Evening descends on the kelp,
The sea murmurs like an animal;
Our heart is far too dry,
We have lost all taste for evil.
I believe these people know each other,
For modulated sounds emanate from their group.
I would like to feel part of their species;
Increased interference, then contact is lost.
Gentle rolling of the hills;
Far away, a tractor’s purr.
A fire has been lit in the ruins;
Perhaps life is an error.
More and more badly I survive
Amidst these organisms
Who laugh and wear sandals,
They are small mechanisms.
How life is organised
In these provincial families!
A reduced existence,
Shrivelled and slender joys.
A well-cleaned kitchen;
Ah!
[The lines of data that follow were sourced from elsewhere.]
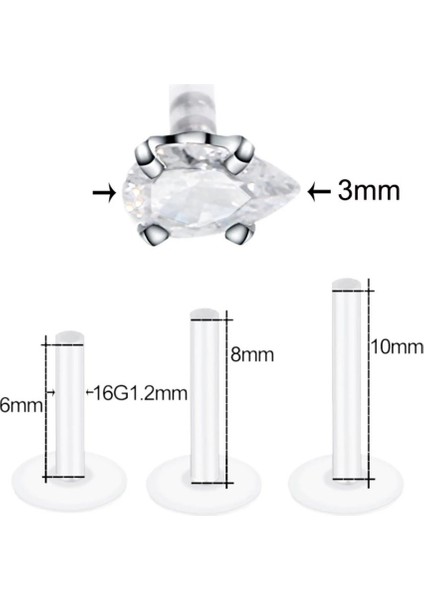 Bio Plastik Damla Piercing ( Taşı 3 Mm)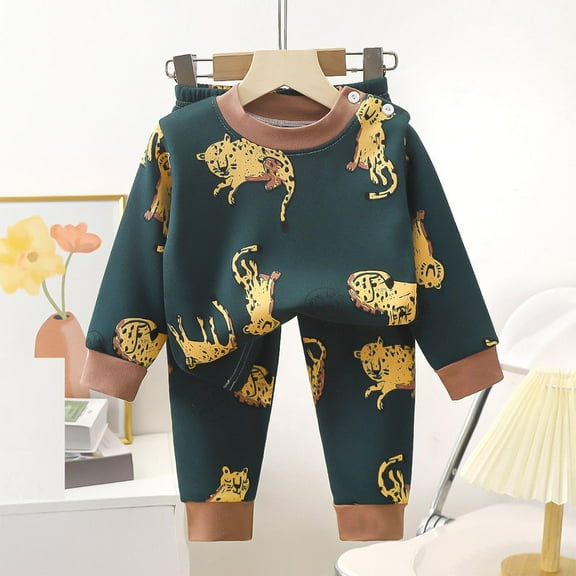 TAGOLD Kids Toddler Casual 2 Piece Outfits Set,Boys Girls Long Sleeve Winter Sets,Children's Round Neck Long Sleeved Elastic Waisted Pants With Home Suit Set,12 Months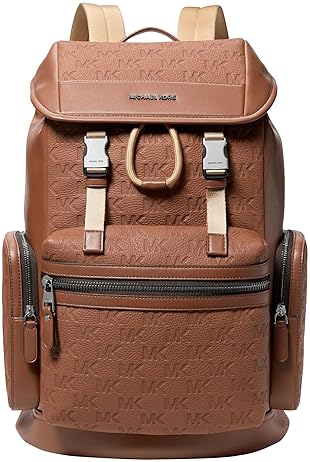 MICHAEL KORS MENS JET SET TRIPLE POCKET MATTE PEBBLE EMBOSSED LEATHER BACKPACK LUGGAGE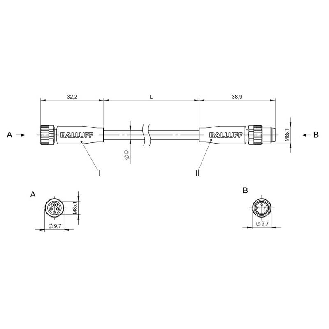 M08A Fem Droit 4p/M08A Mâle Droit 3p; PUR 3x0.34 Noir Cpc 0.15m-Lire la description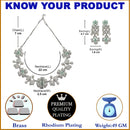 Rhodium-Plated Sea Green Cubic Zirconia Studded Floral Theme Necklace & Earrings Jewellery Set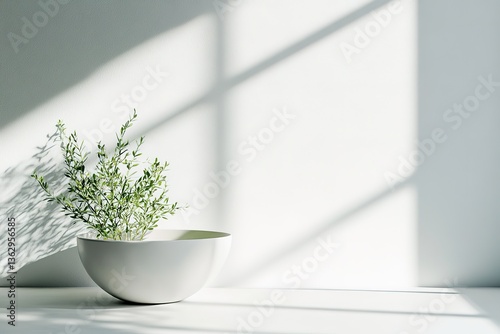 Potted Plant on Table with Shadow Overlay, Minimalist White Background, Copy Space
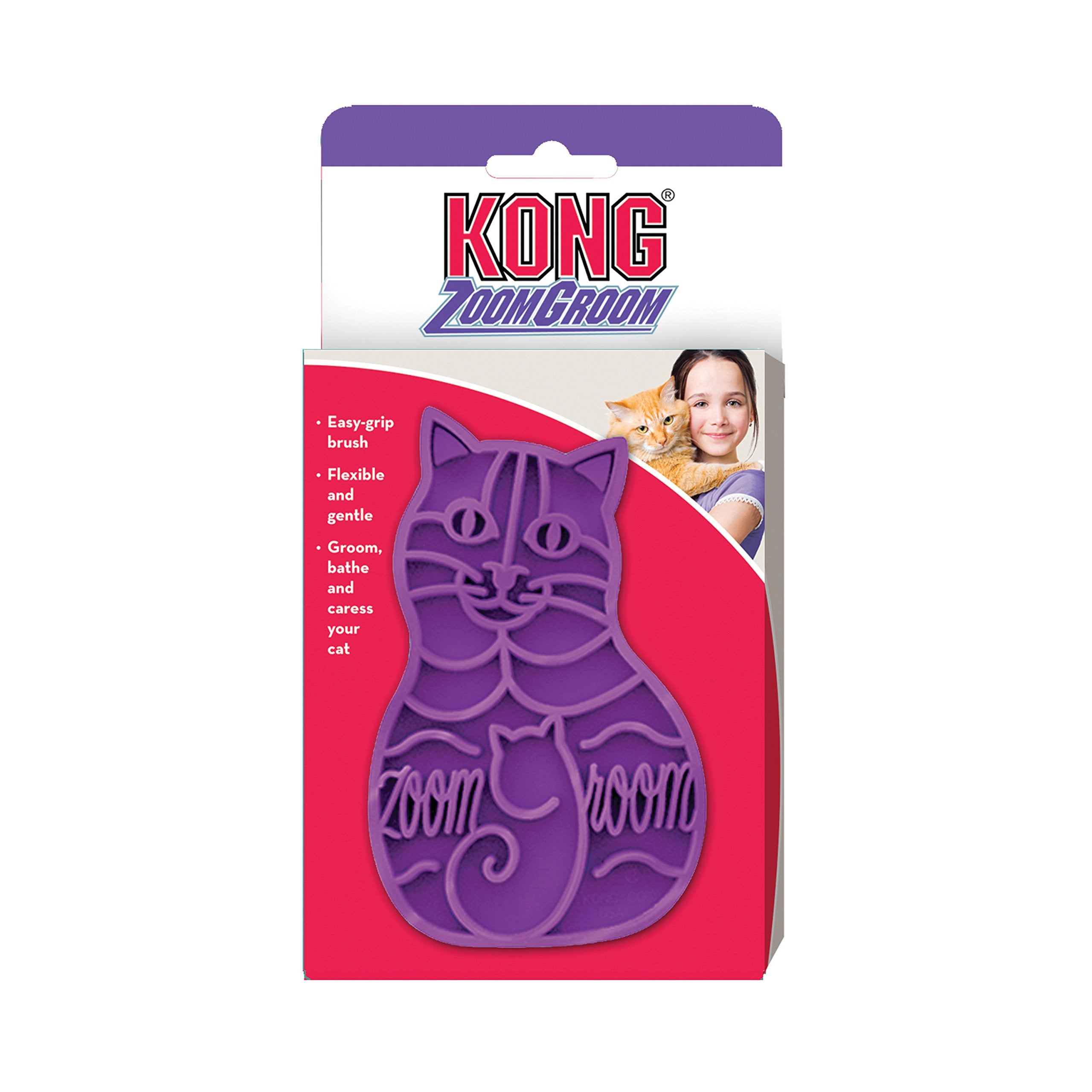 Kong Cat Zoomgroom Brush - Soft Rubber Grooming Tool For Brushing, Massaging, Bathing, And Reducing Hairballs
This obsession with kitchens!
Hollow, decayed discourse;
The opinions of the woman next door.
On the direct train to Dourdan
A girl does a crossword
I can’t stop her,
It helps pass the time.
Like blocks in outer space
Workers move rapidly
Like independent blocks,
They pierce the air without a trace
Then the train slips between the rails,
Goes past the first suburbs
There’s no longer time nor space;
The workers quit their work.
In the almost empty metro
Filled with semi-gaseous people
I entertain myself with stupid,
But potentially dangerous games.
Struck by the sudden intuition
Of freedom without repercussions
I pass through serene stations
Without thinking of connections.
I wake up at Montparnasse
By a naturist sauna,
All returns to its rightful place;
I feel bizarrely sad.
The breathing of washers
And carnivorous wing bolts
In the night a faint flutter,
The room is covered with steel.
I remember the abrupt gestures
Of that limp and furtive twin
Sliding from failure to failure
Stretching out his fearful body.
The breathing of termites
Happens without effort
A tension rises from the cock,
Weakens upon the body.
When digestion
Fills the field of consciousness
Another, passive, life settles
In gentleness and decency.
My body belongs
To a two metre mattress
And I laugh more and more loudly;
There are different parameters.
Joy, at one moment, took place,
There was a moment of respite
When I was in the body of God;
But, since then, the years have been brief.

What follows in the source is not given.